Nach ihm kamen viele andere: Vlamingh, Dampier, St Allouran – und mit ihnen
die ersten Unternehmer. Im Jahr 1850 begannen Perlenfischer in der Shark
Bay die Austern zu ernten, 80 Jahre später waren keine mehr übrig. 1869
brachte Von Bibra die ersten Schafe und Ziegen nach Dirk Hartog Island.
Knapp dreißig Jahre danach kamen die Leuchtturmwärter mit den ersten
Katzen. Sie alle nutzten, gestalteten und zerstörten die Natur.
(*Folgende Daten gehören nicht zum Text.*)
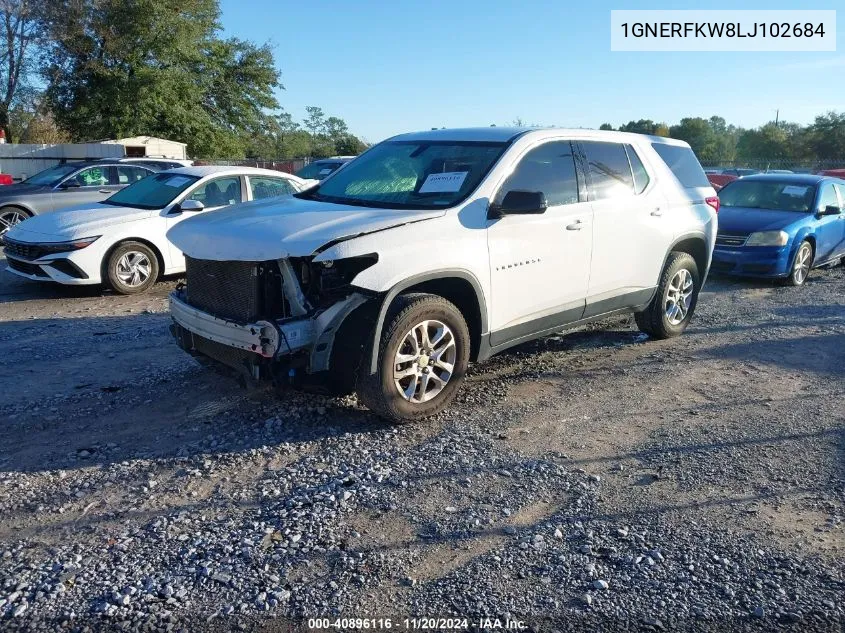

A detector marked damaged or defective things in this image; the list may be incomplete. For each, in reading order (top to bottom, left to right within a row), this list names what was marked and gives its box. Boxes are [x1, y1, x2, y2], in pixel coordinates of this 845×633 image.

damaged white suv [166, 127, 720, 420]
Zur
400-Jahr-Feier der europäischen Geschichte soll die Insel wieder in den
Zustand versetzt werden, in dem Dirk Hartog sie 1616 gesehen haben muss.
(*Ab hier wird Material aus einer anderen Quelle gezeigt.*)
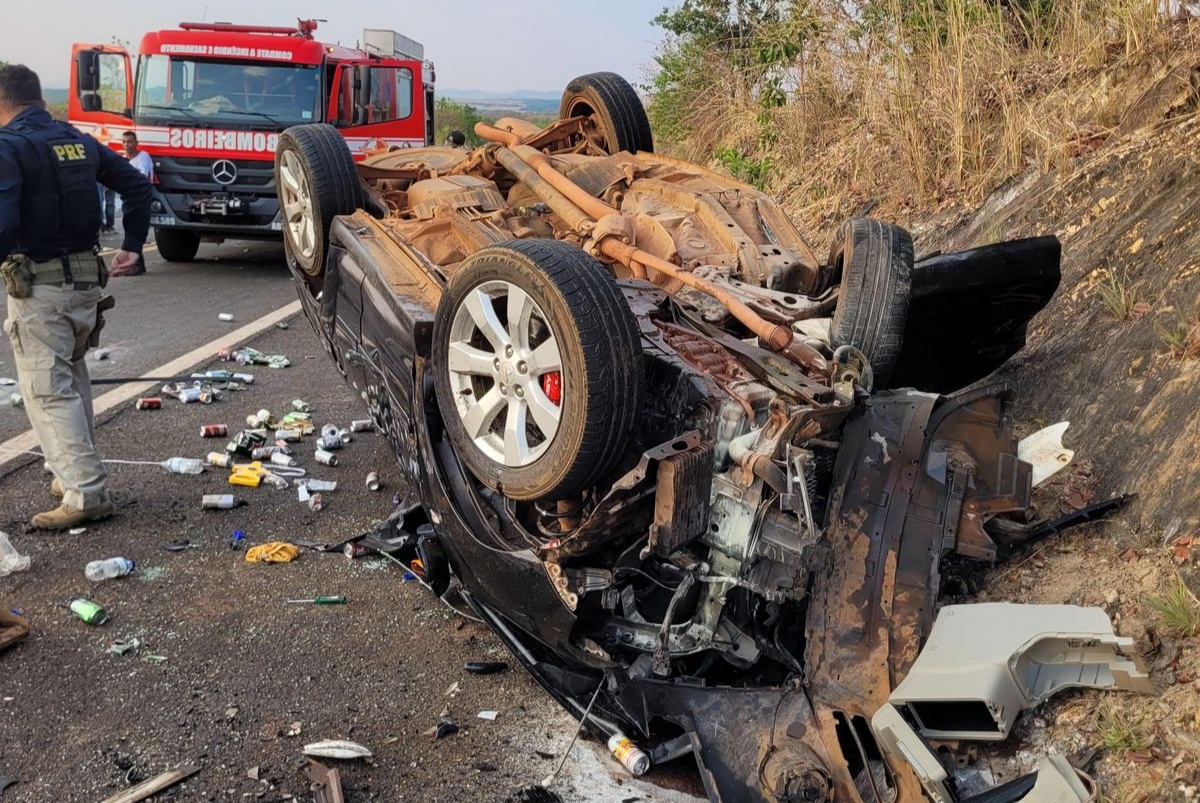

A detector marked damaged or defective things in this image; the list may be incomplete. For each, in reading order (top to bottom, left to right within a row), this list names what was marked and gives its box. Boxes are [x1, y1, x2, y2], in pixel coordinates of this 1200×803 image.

„Durch die Schafe breitete sich die Steppe aus“, erklärt Kieran Wardle, der
mit seiner Frau und den beiden Kindern als Einziger auf Dirk Hartog Island
lebt. „Die Katzen sollten die kleinen Nager von Vorräten fernhalten und
rotteten alle kleinen Beuteltiere aus, die je hier gelebt haben: Woylie,
Dibbler, Mulgara, Chuditch.“
## Die Vegetation erholt sich
Kieran ist der Enkel des letzten Schafzüchters der Insel. Er ist Besitzer
einer kleinen Ökolodge. Kieran hat früh angefangen, Freunde einzuladen, sie
auf Wanderungen über die Dünen am östlichen Strand mitzunehmen; im Februar
zuzusehen, wie die kleinen Schildkröten schlüpfen und ins Meer krabbeln;
oder im Juni nach Walhaien Ausschau zu halten. Aus dem Ausflug mit Freunden
wurde ein kleines Unternehmen, sechs Zimmer und ein Haus vermieten er und
seine Frau. Dazu kommt ein kleiner, staatlicher Campingplatz und ihr
eigener. Das Einkommen aus der Schafzucht wurde weniger, und jenes aus dem
Tourismus stieg.
Rund 1.000 Touristen besuchen die Insel im Jahr, 400 davon übernachten in
ihrer Lodge in den ausgebauten Schafsställen. Der Strom kommt aus
Solarzellen, das Trinkwasser ist gesammeltes Regenwasser, das Wasser aus
dem Hahn stammt aus einem eigenen Brunnen. „2009 haben wir das letzte Schaf
von der Insel transportiert“, sagt Kieran, während er mit seinem Jeep über
die Pisten der Insel zockelt, betonierte Straßen gibt es keine. Autos
begegnet er nicht, es dürfen ohnehin nur 15 Wagen gleichzeitig auf die
Insel.
Seit 2007 wurden 10.000 Ziegen und 5.000 Schafe entfernt, erst klassisch,
später hat man sogenannten Judasziegen GPS-Sender umgehängt. Es waren
Ziegen, die Böcke angelockt haben, die man so fangen konnte. Die Bilanz
2015: 0 Schafe, geschätzte 50 Ziegen. 2016 soll auch die letzte
verschwunden sein.
Langsam hat sich die Vegetation erholt. Kieran zeigt auf Stellen, an denen
der Busch so dicht ist, dass man nicht hindurchschauen kann. „Früher war
das alles kahlgefressen und man konnte den sandigen Boden sehen.“ Neben
einem kniehohen Metallstab hält er den Wagen an, gegenüber stehen kleine
dunkle Boxen. „In dem einen ist ein Lockstoff für Katzen“, erklärt Kieran,
„im anderen eine Kamera, um sie zu knipsen.“
## Die Pest der Insel
Die Katzen sind sozusagen die Pest der Insel. Sie jagen alles Maus- und
Rattenartige und davon gab es auf der Insel sehr viel. In dem trockenen
Klima mit dem buschigen Land können sich keine großen Kängurus ernähren.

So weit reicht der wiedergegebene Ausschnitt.